Techniques used to perform ETA
- ML and Deep Learning: The majority of studies that use machine learning methods to test the viability of decrypting and categorizing encrypted network traffic concentrate on supervised learning approaches. This indicates that these methods first assess the performance of their models before employing ground-truth datasets to train their models. Additionally, many studies concentrate on unsupervised learning methods, using algorithms that examine data similarities.The key to correctly classifying and describing traffic is feature selection. Additionally, an approach that can significantly enhance the performance of typical machine learning algorithms with a focus on malware traffic detection is the combination of various views of the data, such as features pertaining to how the application is transmitting data with features that are representative of the application.
- Mapping: Mapping is a technique used for identifying meaningful relationships between network entities on the globe, in the network, and with similar features. Multiple malicious websites frequently reside on multi-tenant servers at the same time which uses shared IP and mapping can be used to detect such servers.
- Profiling: Profiling is a technique used for observing how network entities’ behavior changes over time and comparing it to predefined baselines. Monitoring traffic at odd hours of the day or night can indicate malicious traffic Also, the emergence of new fingerprints can indicate the presence of malware or other unwanted software on the network.
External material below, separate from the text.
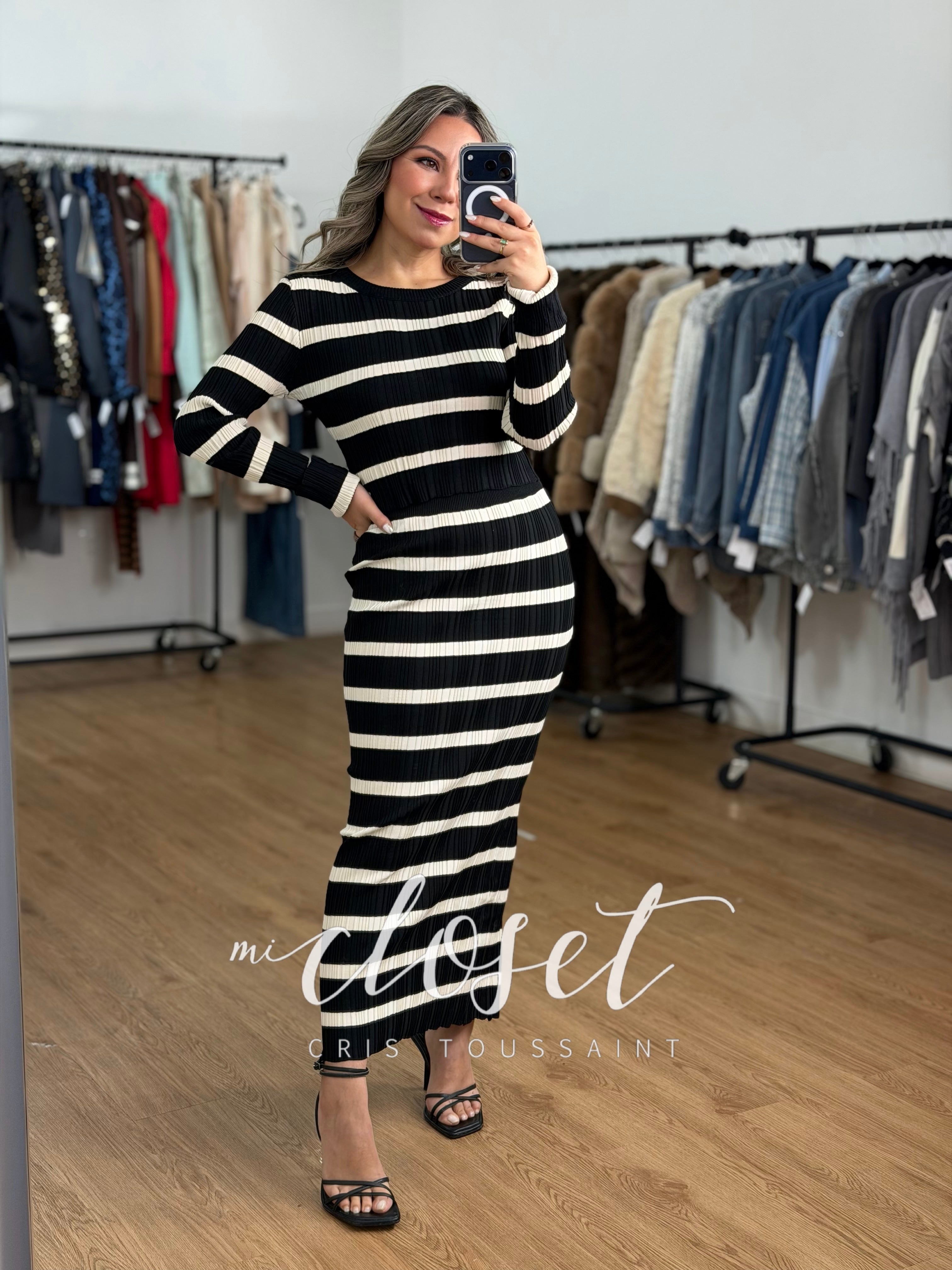 CONJUNTO DE FALDA TIPO LÁPIZ (STRETCH) CON SWEATER CROPPED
- Interception of encrypted traffic: By encrypting data and protecting against man-in-the-middle attacks through certificate validation, which allows the client to verify the authenticity of the destination server and reject impostors, TLS is intended to make such eavesdropping harder. Local software injects a self-signed CA certificate into the client browser’s root store at installation time to get around this validation. Mirroring the traffic to a central IDS, able to decrypt the traffic and perform deep packet inspection, yet, without any privacy-preserving guarantees.